“We cannot solve our problems with the same thinking we used when we created them.” – Albert Einstein

Posted on by Steve Reick | 1 Comment

Cook County “Pop Tax” Creates Entrepreneurial Opportunity

The latest story to hit the airwaves is the threat by the Federal government to cut off food stamp (SNAP) benefits to Cook County as a result of its 1 cent per ounce “pop tax”, which could result in an estimated cut of $87 million to the county. I find this to be hilarious on several fronts.

This all stems from the fact that items purchased using a SNAP card are exempt from sales tax. The Feds are saying that unless Cook County finds an acceptable workaround to allow for the purchase of SNAP-eligible items exempt from the new sales tax, Federal funds are at risk.

First, the County was apparently informed of this back in June, but it went ahead and imposed it anyway. It would appear that gluttony isn’t a vice reserved to individuals.

Next, when the Illinois Retail Merchants’ Association’s (IRMA) suit to have the tax repealed on Constitutional grounds was dismissed by a Federal judge, the County sued IRMA for $17 million, simply for asserting a right in court. The suit has been withdrawn, but not before an ordinance was proposed by a member of the Cook County Board to require board approval prior to filing any similar suit, and legislation has been filed in the House seeking a similar result. Once again, here’s an instance of government’s habit of “ready, fire, aim”.

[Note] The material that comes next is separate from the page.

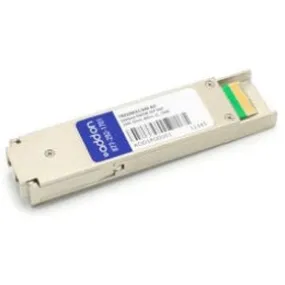 AddOn Infinera XFP Module TRX100032/940-AO
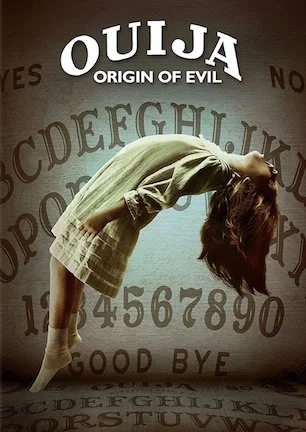 Ouija - Origin of Evil.jpg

Finally, and most hilarious of all, one of the stated goals of the SNAP program, straight from the IDHS website is to: “help low-income people and families buy the food they need for good health.” Nothing screams “good health” like a 2-liter bottle of Mountain Dew. (Parenthetically: The tax is calculated on a “per ounce” basis, who’s doing the math on the metric conversions?)

However, there’s a silver lining around this particular dark cloud. Since drinks purchased using SNAP benefits are tax-exempt, I will lay a dollar to a donut that some bright entrepreneurial SNAP recipient is already buying up every 12 pack of pop in sight with an eye to creating a business selling “loosies”.

Ah, capitalism, it works everywhere it’s tried.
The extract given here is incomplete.